For a company that prides itself on being environmentally friendly, it’s missed its mark with the mouse.
When the mouse is dropped on the floor from even from a few inches, the battery door comes off and the batteries often go flying, unusual for most consumer products. Reattaching the door is not at all intuitive because of its complex design.
I’ve also experienced problems when the mouse occasionally disconnects from the computer for no apparent reason. This seems to be a long-standing problem, as reported in Apple’s user forums.
Lastly, the Magic Mouse carries the legacy of being a single button mouse, something Steve Jobs insisted on, when most applications now have important second-button functions.
To use these functions, you either need to use a keyboard modifier key while pressing the top of the mouse or set a preference to use the right side of its top surface as its second button.
But because of the smooth surface, it’s not easy to know exactly where your finger is, and you often activate the left button when you want the right.
With Apple upgrading its iPads, iPhones and computers once or twice a year, it’s time to do the same with the mouse.
So what are some good alternatives?

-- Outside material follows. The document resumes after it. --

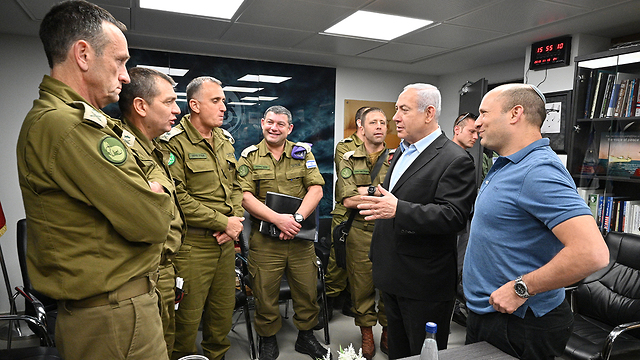 Prime Minister Benjamin Netanyahu and Defense Minister Naftali Bennett meet with senior IDF officials on the situation in Gaza (Photo: Defense Ministry)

The closest equivalent is the $70 Logitech Ultrathin Touch Mouse T630 that’s more portable than Apple’s mouse and connects using Bluetooth. While it still has a single button, its batteries are rechargeable and the touch surface is less sensitive to accidental activation.
Another alternative is the Logitech Marathon Mouse M705 ($50) that uses Logitech’s 2.4GHz wireless technology. While it requires a tiny receiver plugged into a USB port, the single AA battery will last about two years and the connection is very robust.
While I was searching for alternatives to the Apple mouse, I came across the Logitech Wireless Trackball M570. I used to love trackballs, but assumed they were extinct. But no, Logitech told me they continue to be very popular. Based on Amazon reviews of this product, that certainly is true: 2,800 reviews average 4½ stars out of 5.
I’ve been using the trackball for about six weeks and like it a lot; it’s a keeper. It connects wirelessly in the same way as the Marathon Mouse and addresses nearly all the objections I have with the Apple mouse.
It has a precision trackball that’s thumb-controlled, a left and right button, a scrolling wheel and an additional customizable button for functions you use frequently, such as copy, paste and so on. The major limitation is that you cannot do horizontal scrolling.
What I like most is the precision of the trackball that lets me position the pointer much more accurately than moving the mouse on a desktop.
Sometimes, newer isn’t always better. ($60, Logitech.com).